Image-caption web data
────

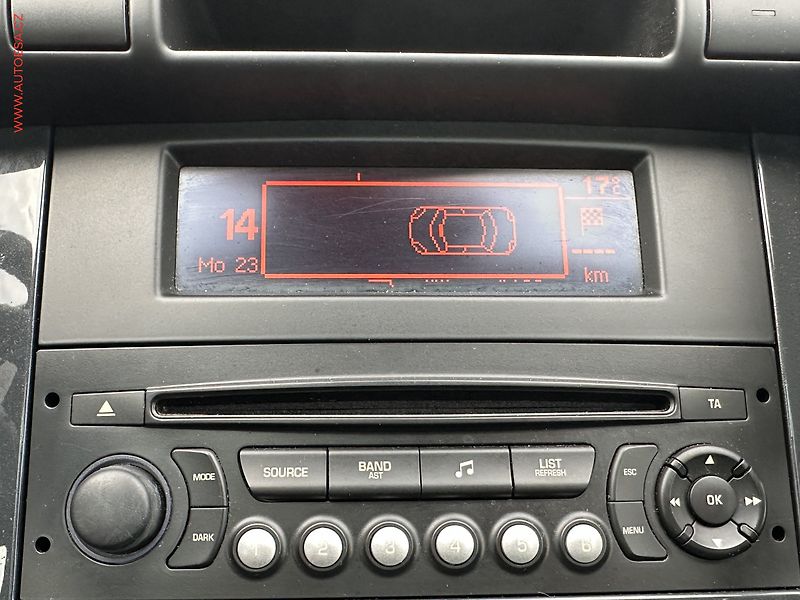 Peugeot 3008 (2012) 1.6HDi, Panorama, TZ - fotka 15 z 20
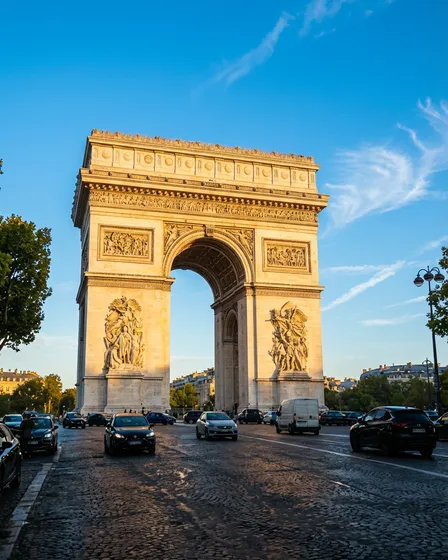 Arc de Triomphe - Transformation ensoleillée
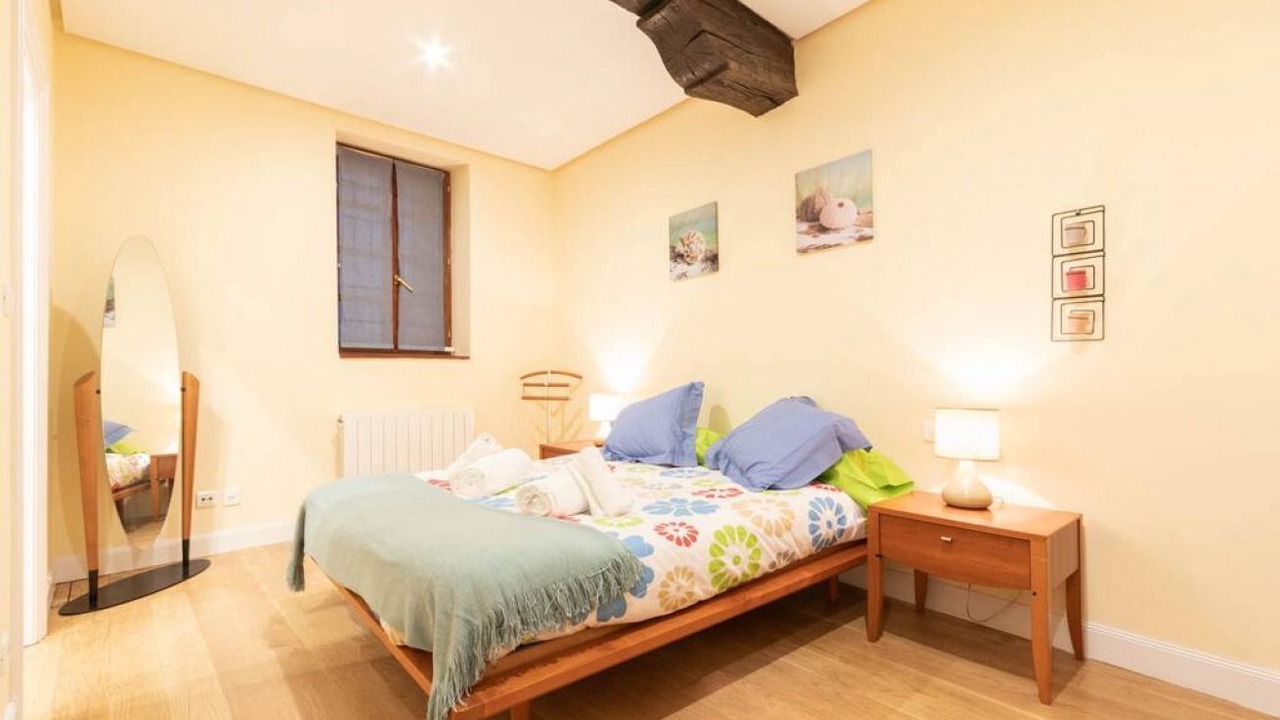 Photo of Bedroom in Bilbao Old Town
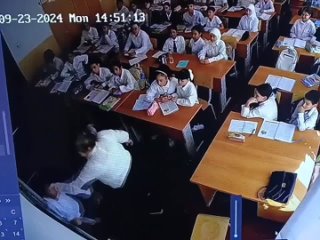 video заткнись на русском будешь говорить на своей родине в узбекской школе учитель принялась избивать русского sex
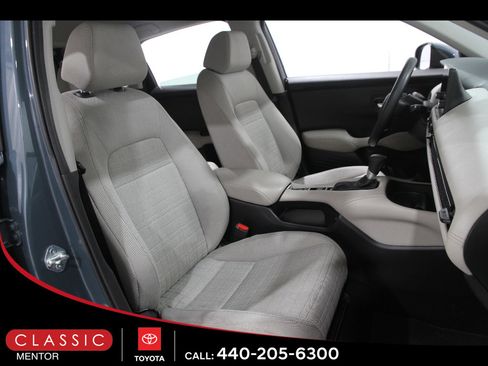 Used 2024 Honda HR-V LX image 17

────

_Task_: Exclude images and repeat all entries exactly.

_Expected answer_:
 Peugeot 3008 (2012) 1.6HDi, Panorama, TZ - fotka 15 z 20
 Arc de Triomphe - Transformation ensoleillée
 Photo of Bedroom in Bilbao Old Town
 video заткнись на русском будешь говорить на своей родине в узбекской школе учитель принялась избивать русского sex
 Used 2024 Honda HR-V LX image 17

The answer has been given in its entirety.